In Estate of Mason v. Amica Mutual Insurance Co., 158 A.3d 495 (2017) the Maine Supreme Judicial Court found that where a driver is authorized to use another’s car as if it was her own, pending repair of her vehicle, the borrowed car was available for regular use and was governed by the insurance policy’s regular use exclusion.
In this case the driver seeking coverage was authorized to use her friend’s vehicle as if it was her own while her vehicle was being repaired.
This case involved claims by the estates of passengers who were killed in a single vehicle accident. Claims were brought against the driver of the accident vehicle. The accident vehicle had been furnished to the driver by a friend whose driver’s license had been suspended. The vehicle owned by the driver had broken down two weeks earlier. Because of this unavailability, the vehicle owner authorized the driver to use the accident vehicle as if it were the driver’s own vehicle until the driver’s vehicle had been fixed. As a condition of this arrangement, the driver agreed to provide rides in the accident vehicle to the owner because of the owner’s driver’s license suspension. The accident vehicle was in the possession of the driver, who used the vehicle to driver to and from work, to visit relatives, and to go to the tanning salon and gym. The driver was given possession of the accident vehicle keys. The vehicle was kept at the driver’s home and the driver paid for gas most of the time.

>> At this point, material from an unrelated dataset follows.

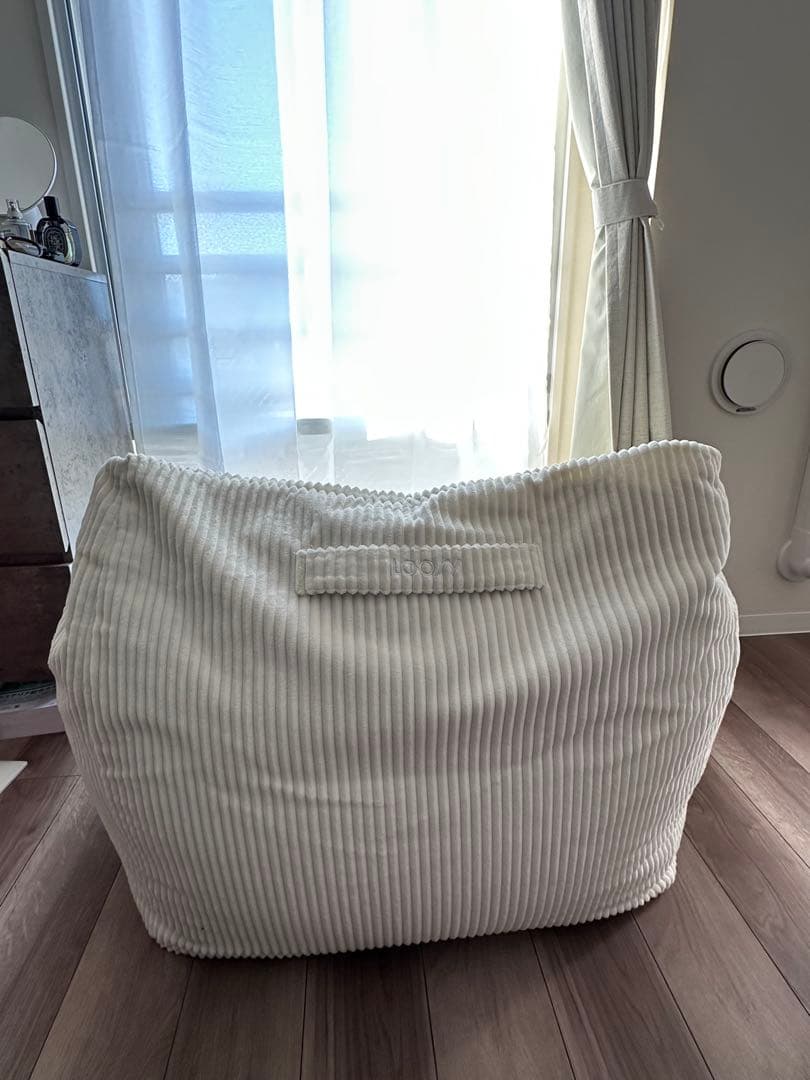 LOOSY 1人掛けビーズソファIvory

At the time of the accident, the driver was a resident of her mother’s household. The mother had a personal auto policy issued by Amica. An exclusion within that policy applied to any liability arising out of the use of a vehicle furnished for the regular use of any family member. The trial court held that the Amica policy’s regular use exclusion applied. The Maine Supreme Judicial Court affirmed.

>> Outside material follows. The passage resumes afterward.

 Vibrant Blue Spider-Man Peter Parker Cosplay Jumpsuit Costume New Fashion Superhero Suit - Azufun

The Maine Supreme Judicial Court noted that regular use exclusions were meant to prevent any insured from receiving coverage for use of a vehicle without paying a premium for the coverage when that vehicle was available for regular use. The court found that there could be “regular use” of a vehicle even though some restrictions or limitations were imposed on the use of the vehicle. In determining whether use was regular rather than occasional or incidental, the court considered that the drivers use the accident vehicle as though it was her own, had the only set of keys, kept the car at her house, and paid for gas. Just because the owner of the vehicle imposed a condition upon that use which required the driver to give the owner of the vehicle rides did not convert the use to occasional or incidental rather than regular. The court was dismissive of the short duration of the use as being determinative in the analysis because the court declined to hold that “temporary” use could not also be “regular” use.